Civility, courtesy, and common decency are a matter of taste, although I can understand why you might think so since you have no regard for them and think it is nothing more than personal preference, as if how we choose to treat others is no different than choosing vanilla or chocolate.
The last thing I want to do is silence you. It is too much fun responding.
I, too, affirm the above.
So you both affirm and deny the existence of God, affirm and deny that God is a being, affirm and deny that God can be adequately conceived. That certainly is useful as a way of attacking everyone no matter what they say. For you both are right but for others who do not agree with you both are wrong.
Just say what you mean: free thinking not allowed.
It has nothing to do with free thinking and everything to do with evasive thinking and evasive arguments.
Really? Once again (as usual) you shoot your mouth off without knowing what you’re talking about.

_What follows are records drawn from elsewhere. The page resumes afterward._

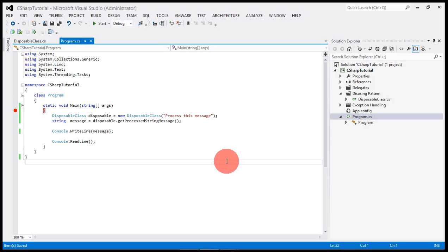Hi, this is Lalit, and in this video I'm going to show you how we can implement the disposing pattern, or basically the IDisposable interface, in a class where we need object cleanup.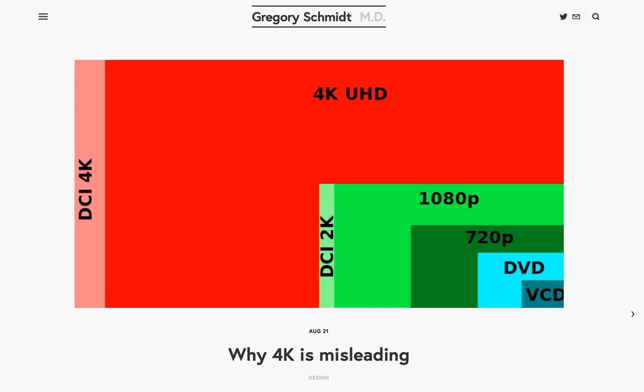So it gets confusing. But anyway, that's the difference between 4K versus 1080p versus 720p. It switches the naming standard between 1080p, which uses vertical rows, to 4K, which is now counting the horizontal pixels.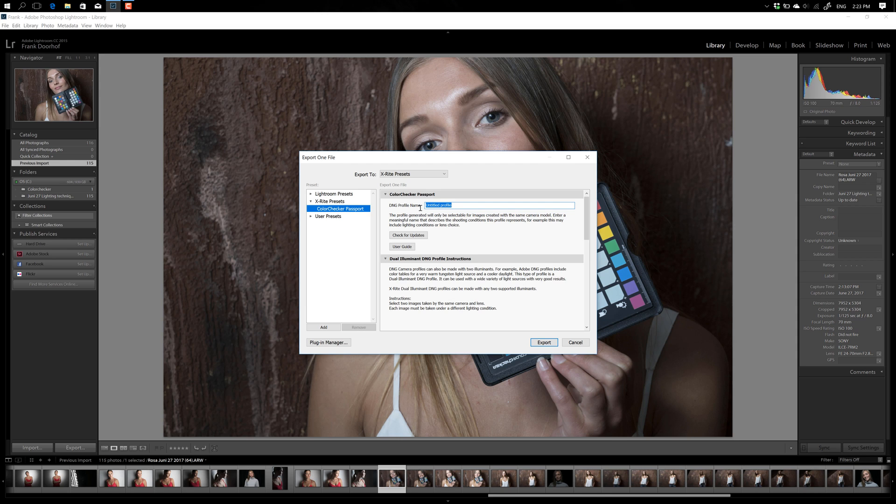Now just give it a name, in this case, for example, Rosa. And then very simply say Export.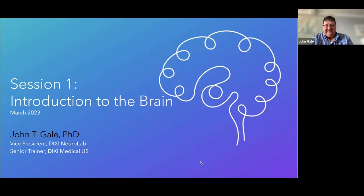First, I'm going to introduce myself. My name is John Gale. I'm a neurophysiologist by training and have done clinical neurophysiology for approximately 30 years. I'm vice president of Dixie NeuroLab and the senior trainer for Dixie Medical US. Today, we're going to start the introduction to the brain because the goal is eventually to record single unit activities from individual neurons within the brain using Dixie products.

This is a succinct statement, in his own words, of Tillich's criticism of classical theism:
The God of the theological theism is a being besides others and as such a part of the whole reality. He is certainly considered its most important part, but as a part and therefore as subjected to the structure of the whole. He is supposed to be beyond the ontological elements and categories which constitute reality. But every statement subjects him to them. He is seen as a self which has a world, as an ego which relates to a thought, as a cause which is separated from its effect, as having a definite space and endless time. He is a being, not being-itself. (Courage to Be, p.184)
Here we have the source of the inherent contradiction at the heart of your claims. You want to have it both ways, to keep classical theism and Tillich’s rejection of classical theism. Thus you cannot take a step without tripping over your feet.

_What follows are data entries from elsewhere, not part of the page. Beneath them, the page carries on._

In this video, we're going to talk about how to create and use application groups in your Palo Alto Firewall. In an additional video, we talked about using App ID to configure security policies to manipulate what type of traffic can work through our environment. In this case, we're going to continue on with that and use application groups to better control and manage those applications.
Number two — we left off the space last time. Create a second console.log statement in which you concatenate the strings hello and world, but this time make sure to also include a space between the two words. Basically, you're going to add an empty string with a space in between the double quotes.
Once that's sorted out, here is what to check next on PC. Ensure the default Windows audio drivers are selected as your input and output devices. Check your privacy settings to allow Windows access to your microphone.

God is Existence-Itself … it’s expressed in the Summa Theologica
Why quote some unidentified person instead of Tillich himself? Why not quote the Summa Theologica itself?
From the Summa Theologica: Question 2, article 3:
Therefore we cannot but postulate the existence of some being having of itself its own necessity, and not receiving it from another, but rather causing in others their necessity. This all men speak of as God. (third way)
Therefore there must also be something which is to all beings the cause of their being, goodness, and every other perfection; and this we call God. (fourth way)
Therefore some intelligent being exists by whom all natural things are directed to their end; and this being we call God. (firth way)
God is the first being, as shown above Question , Article ) (Question 3, Article 7).
Not all theologians agree with Tillich or with the classical theists or whoever else you drag into the argument. There are many ways to frame the questions. Attacking others because they do not share your conceptual framework is a sign of philosophical immaturity.
Just another dodge.
You do not dodge what is a fundamental issue that you are not adequately prepared to deal with by claiming it is a dodge.